-- Exercise aim --
The material below holds a span beginning at the line with "Valija con ruedas" and ending at the line with "Building Photo - 482 NW 165th St". Quote that span exactly, both ends included, and only that span.

-- Exercise material --
Segment Open

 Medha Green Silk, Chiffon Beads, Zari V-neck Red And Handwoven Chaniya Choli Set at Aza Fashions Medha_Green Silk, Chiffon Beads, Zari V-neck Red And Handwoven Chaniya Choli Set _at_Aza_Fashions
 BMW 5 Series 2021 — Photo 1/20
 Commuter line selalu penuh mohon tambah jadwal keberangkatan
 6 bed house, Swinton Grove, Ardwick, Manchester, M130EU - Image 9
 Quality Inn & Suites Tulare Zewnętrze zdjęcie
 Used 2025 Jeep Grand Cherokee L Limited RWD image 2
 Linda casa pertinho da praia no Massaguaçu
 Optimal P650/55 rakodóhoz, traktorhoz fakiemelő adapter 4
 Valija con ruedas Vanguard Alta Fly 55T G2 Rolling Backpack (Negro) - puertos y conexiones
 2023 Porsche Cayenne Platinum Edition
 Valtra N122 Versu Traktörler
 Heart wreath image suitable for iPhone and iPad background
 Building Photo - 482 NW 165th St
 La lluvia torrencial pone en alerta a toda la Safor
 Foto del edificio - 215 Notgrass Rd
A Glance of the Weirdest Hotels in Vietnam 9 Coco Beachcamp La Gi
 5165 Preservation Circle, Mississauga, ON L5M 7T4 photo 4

Segment Closed

-- Output for this task --
 Valija con ruedas Vanguard Alta Fly 55T G2 Rolling Backpack (Negro) - puertos y conexiones
 2023 Porsche Cayenne Platinum Edition
 Valtra N122 Versu Traktörler
 Heart wreath image suitable for iPhone and iPad background
 Building Photo - 482 NW 165th St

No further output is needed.